Under the proposal, the industry would have to monitor wells on an annual basis, and low-production ones every other year. The Obama-era rule required methane monitoring twice a year.
EPA is also suggesting semiannual and annual monitoring for compressor stations and annual monitoring for compressor stations on the Alaska North Slope. The Obama-era rule required methane monitoring twice a year.
The agency is taking a look at various technical requirements in the Obama rule. EPA is re-evaluating certification requirements for closed vent systems.
It is also studying provisions on alternate emissions limitations, well completions, onshore natural gas processing plants and storage vessels, and is planning some technical corrections.
The proposed amendments are the third in a series of regulatory rollbacks aimed at greenhouse gases, following moves to change the Clean Power Plan and vehicle emissions standards.
The Interior Department is also expected to release its own revisions to methane rules covering the oil and gas industry on public lands.
EPA said changes in monitoring frequency would provide cost savings.

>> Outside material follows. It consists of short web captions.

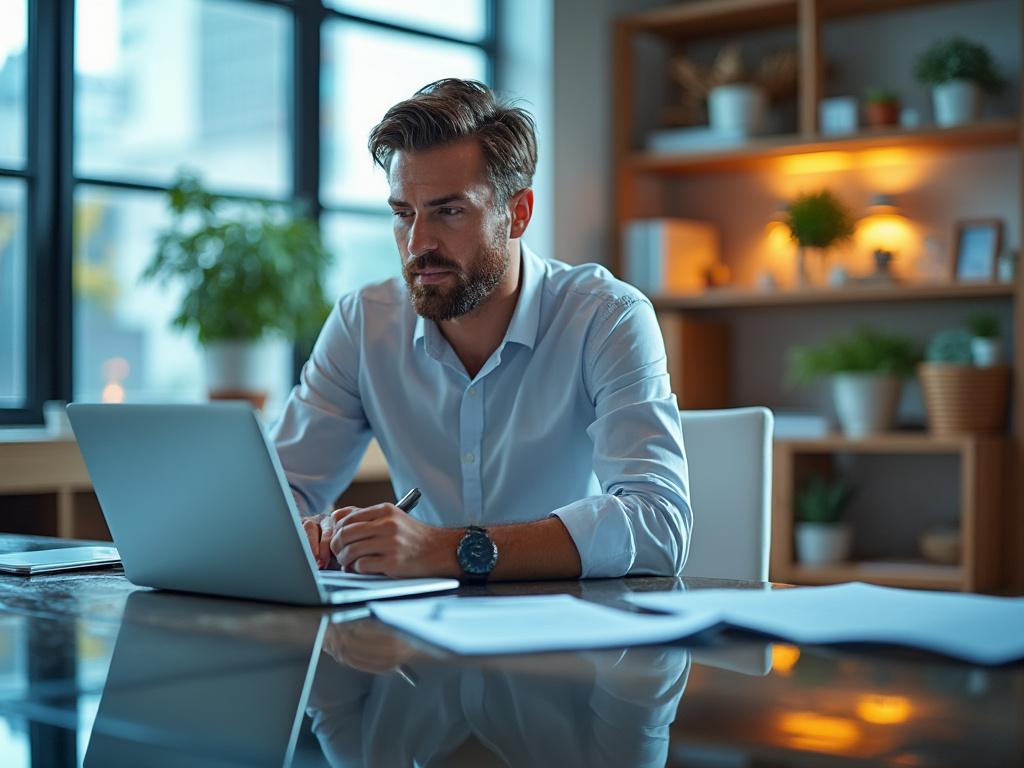 Professional man working on laptop in a modern office setting with plants and warm lighting.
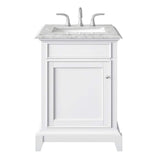 Elite Princeton 24 in. W x 24 in. D x 34 in. H Bath Vanity in White with White Carrara Marble Top with White Sink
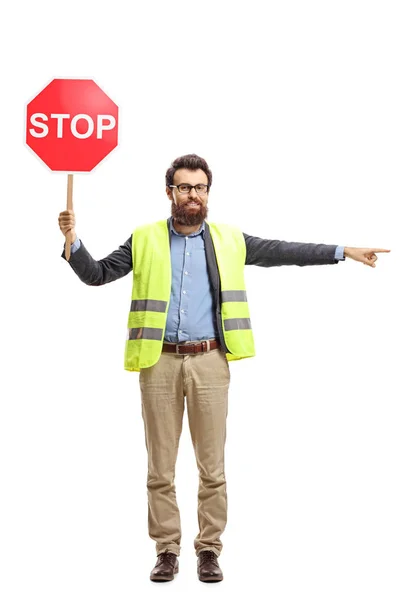 Retrato Comprimento Total Homem Com Colete Segurança Segurando Sinal Parada — Fotografia de Stock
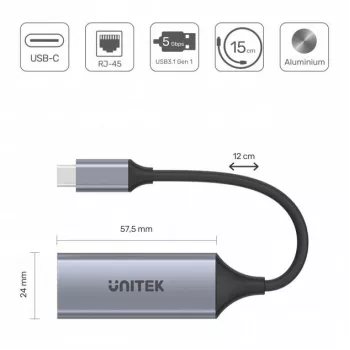 Võrguliidese kaart Unitek U1312A, IEEE 802.3, Hall, 0,5 m kaabel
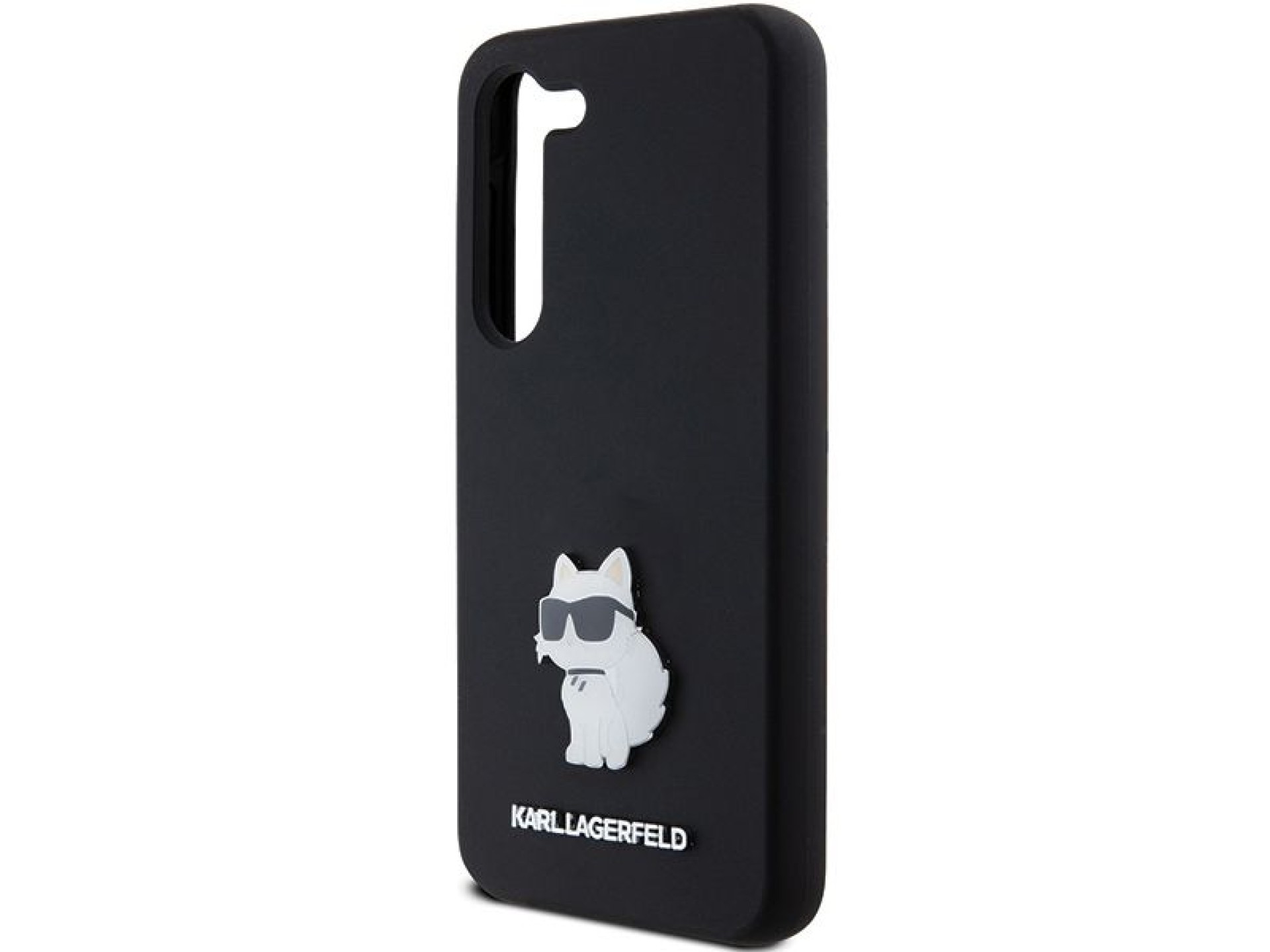Karl Lagerfeld Silicone Choupette Metal Pin case for Samsung Galaxy S23 - black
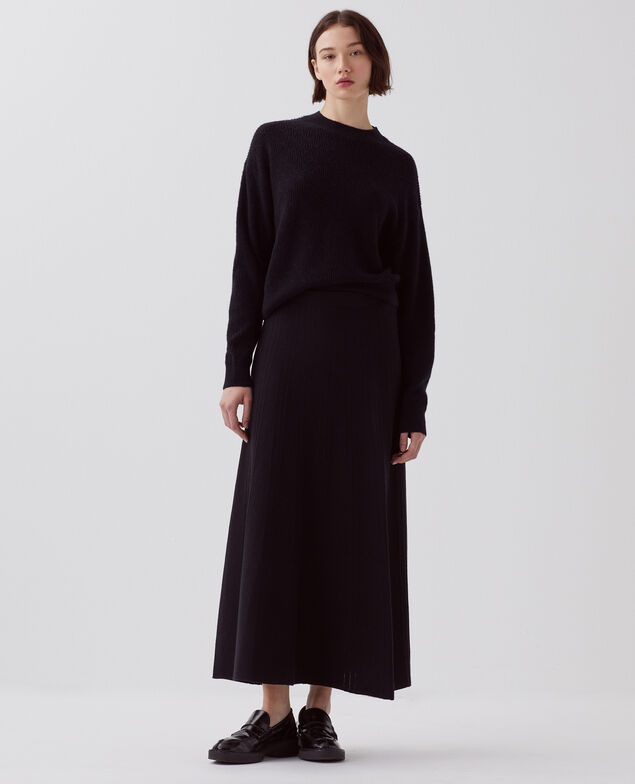 Pullover mit Zierstrick H091 black beauty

At the same time, it estimated the changes would lead to higher emissions, degraded air quality, and “adverse health and welfare effects.”
EPA estimated the foregone climate-related benefits of the rule at between $13.5 million and $54 million between 2019 and 2025.
This calculation is based on a domestic social cost of carbon, which considers a dollar value for the harm caused by climate change.
The metric is different from the one adopted by the Obama administration, which relied on a global social cost of carbon value.
The agency’s analysis of the proposal found that monitoring emissions on an annual basis from compressor stations between 2019 and 2025 would increase fugitive methane emissions by 100,000 short tons, volatile organic compounds by 24,000 tons and hazardous air pollutants by 890 tons, compared with monitoring on a semiannual basis.
Janet McCabe, who was acting head of EPA’s air office as the Obama rule was finalized, noted that the oil and gas industry is the third largest source of greenhouse gas emissions in the country, after mobile sources and power plants.
“There is nothing ground-breaking about the technologies or activities called for in the 2016 rule. In this Administration’s drive to de-regulate, they are heedless of the cost to the public health and the cost to the future of the planet,” McCabe said in an email.
Howard Learner, executive director of the Environmental Law & Policy Center, slammed EPA for moving to undo “common sense” methane reduction standards.
“The Administration’s ideology is trumping common sense methane reduction standards that avoid energy waste and protect the public and our environment from dangerous smog-forming pollution,” Learner said.